Oct. 30, 2006 -- Turmeric, a curry spice, may curb arthritis joint inflammation, new research shows.
So say scientists including Janet Funk, MD, of the Arizona Health Sciences Center at the University of Arizona.
Turmeric been used for centuries in traditional Indian Ayurvedic medicine to counter inflammation, Funk's team notes.
Their bottom line: Turmeric shows promise and deserves further study, but it's too soon to count on moving it from the spice rack to the medicine cabinet.
The study appears in Arthritis & Rheumatism's November edition.
First, the researchers brewed their own turmeric extract to mimic the chemistry of commercial turmeric supplements.
Next, they injected the turmeric extract into the bellies of about 90 female rats. For comparison, they gave other rats shots lacking turmeric.
The rats got those shots every day for two weeks.
Four days after starting those shots, the mice also got shots of an arthritic compound.
Over the next 28 days, the mice in the turmeric group showed less joint inflammation and less joint damage than those in the comparison group.
The study ended after that, so longer-term results aren't available.

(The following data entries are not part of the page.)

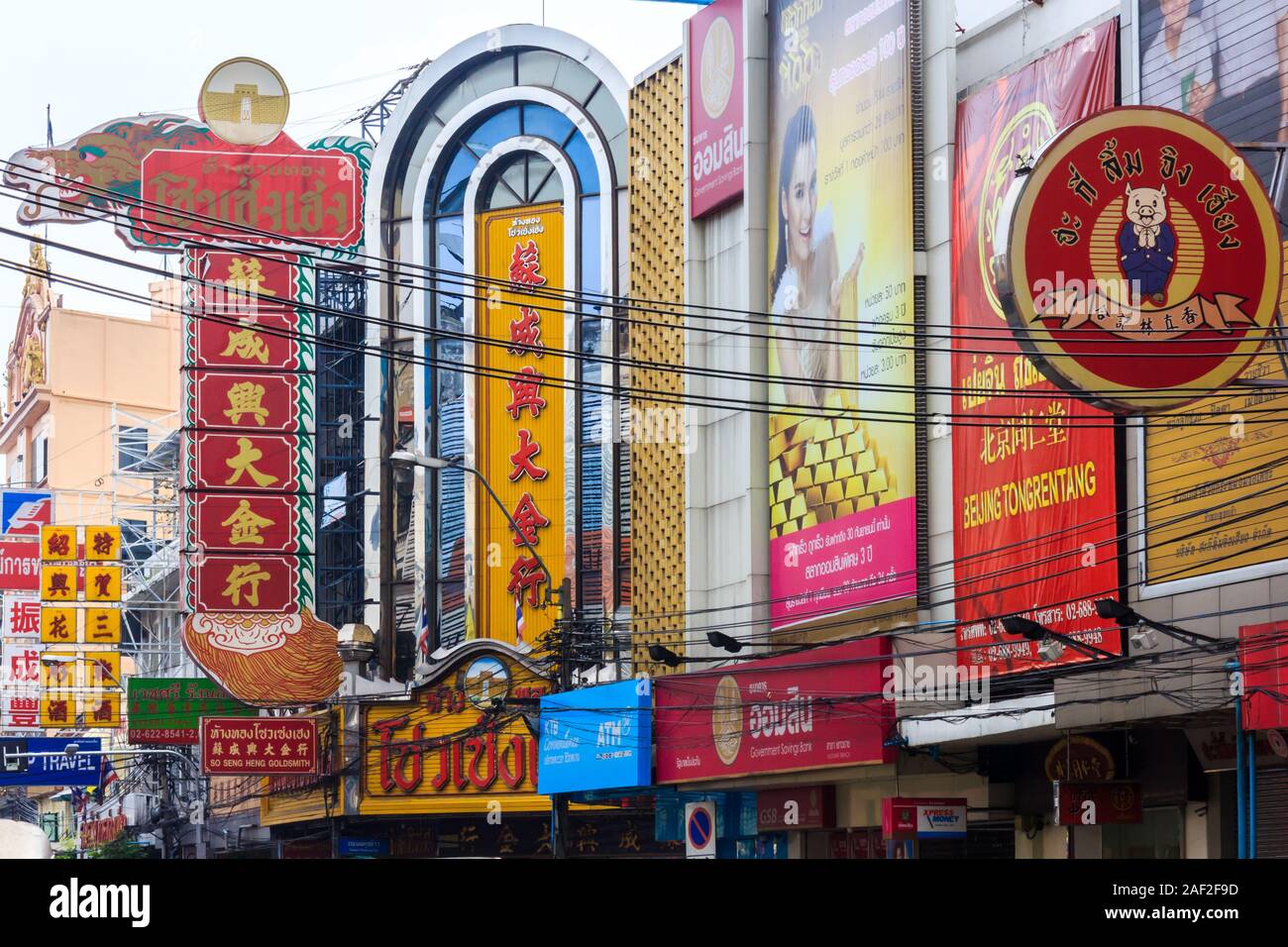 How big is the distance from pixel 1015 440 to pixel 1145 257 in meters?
7.27

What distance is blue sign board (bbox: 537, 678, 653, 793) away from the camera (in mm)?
33969

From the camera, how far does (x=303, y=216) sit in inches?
2044

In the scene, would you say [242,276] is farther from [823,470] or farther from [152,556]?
[152,556]

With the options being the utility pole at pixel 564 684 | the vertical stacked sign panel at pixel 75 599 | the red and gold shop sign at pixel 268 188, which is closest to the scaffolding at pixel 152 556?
the vertical stacked sign panel at pixel 75 599

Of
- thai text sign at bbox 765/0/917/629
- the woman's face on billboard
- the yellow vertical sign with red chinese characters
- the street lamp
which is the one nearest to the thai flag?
the yellow vertical sign with red chinese characters

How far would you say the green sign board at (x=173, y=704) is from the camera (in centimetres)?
5178

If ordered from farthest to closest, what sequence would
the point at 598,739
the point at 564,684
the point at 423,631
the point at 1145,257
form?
the point at 423,631, the point at 598,739, the point at 564,684, the point at 1145,257

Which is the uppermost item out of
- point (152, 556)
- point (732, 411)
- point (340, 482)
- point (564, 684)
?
point (340, 482)

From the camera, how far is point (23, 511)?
73.5 m

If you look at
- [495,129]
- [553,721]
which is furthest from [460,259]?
[553,721]

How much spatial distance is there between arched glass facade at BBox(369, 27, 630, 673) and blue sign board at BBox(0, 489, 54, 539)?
27.1m

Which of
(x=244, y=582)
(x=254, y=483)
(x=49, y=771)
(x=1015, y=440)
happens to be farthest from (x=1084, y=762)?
(x=49, y=771)

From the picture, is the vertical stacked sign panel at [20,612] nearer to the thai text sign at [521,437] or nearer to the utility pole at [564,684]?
the thai text sign at [521,437] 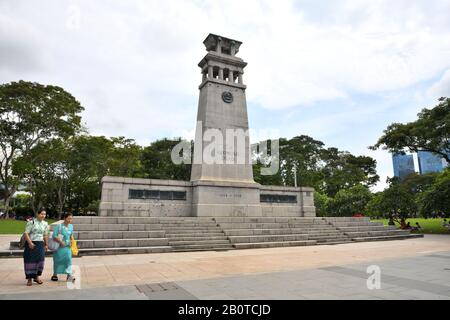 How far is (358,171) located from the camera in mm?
54000

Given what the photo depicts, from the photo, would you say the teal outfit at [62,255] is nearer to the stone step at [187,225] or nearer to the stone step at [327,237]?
the stone step at [187,225]

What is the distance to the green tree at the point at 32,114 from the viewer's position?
28078 mm

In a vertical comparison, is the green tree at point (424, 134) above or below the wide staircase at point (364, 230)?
above

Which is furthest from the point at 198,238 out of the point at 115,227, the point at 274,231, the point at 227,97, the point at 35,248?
the point at 227,97

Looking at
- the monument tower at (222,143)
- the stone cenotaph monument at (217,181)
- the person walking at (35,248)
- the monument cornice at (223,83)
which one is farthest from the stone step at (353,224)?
the person walking at (35,248)

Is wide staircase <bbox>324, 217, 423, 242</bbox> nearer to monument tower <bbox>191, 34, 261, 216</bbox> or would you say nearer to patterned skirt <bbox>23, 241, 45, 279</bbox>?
monument tower <bbox>191, 34, 261, 216</bbox>

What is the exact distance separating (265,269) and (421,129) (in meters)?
22.1

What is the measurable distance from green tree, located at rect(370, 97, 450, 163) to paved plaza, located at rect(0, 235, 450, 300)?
16.5 m

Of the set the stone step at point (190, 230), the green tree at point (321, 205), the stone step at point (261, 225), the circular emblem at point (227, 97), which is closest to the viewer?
the stone step at point (190, 230)

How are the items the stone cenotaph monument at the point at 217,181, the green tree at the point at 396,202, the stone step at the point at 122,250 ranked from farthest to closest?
the green tree at the point at 396,202
the stone cenotaph monument at the point at 217,181
the stone step at the point at 122,250

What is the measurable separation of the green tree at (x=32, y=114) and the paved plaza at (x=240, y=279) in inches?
901

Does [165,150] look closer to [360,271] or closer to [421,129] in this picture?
[421,129]

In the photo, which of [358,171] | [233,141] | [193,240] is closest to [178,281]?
[193,240]

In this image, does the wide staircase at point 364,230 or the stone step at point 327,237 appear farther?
the wide staircase at point 364,230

The turmeric extract apparently curbed certain genes involved in joint inflammation, Funk's team found.
The mice in the turmeric group also showed better bone mineral density than those in the comparison group.
Turmeric may help prevent bone loss, but that's not certain yet, the scientists note.
Five of the 87 mice in the turmeric group died during the study. The reasons for those deaths aren't clear.
The researchers call for more studies to see if turmeric will help ease arthritis in people.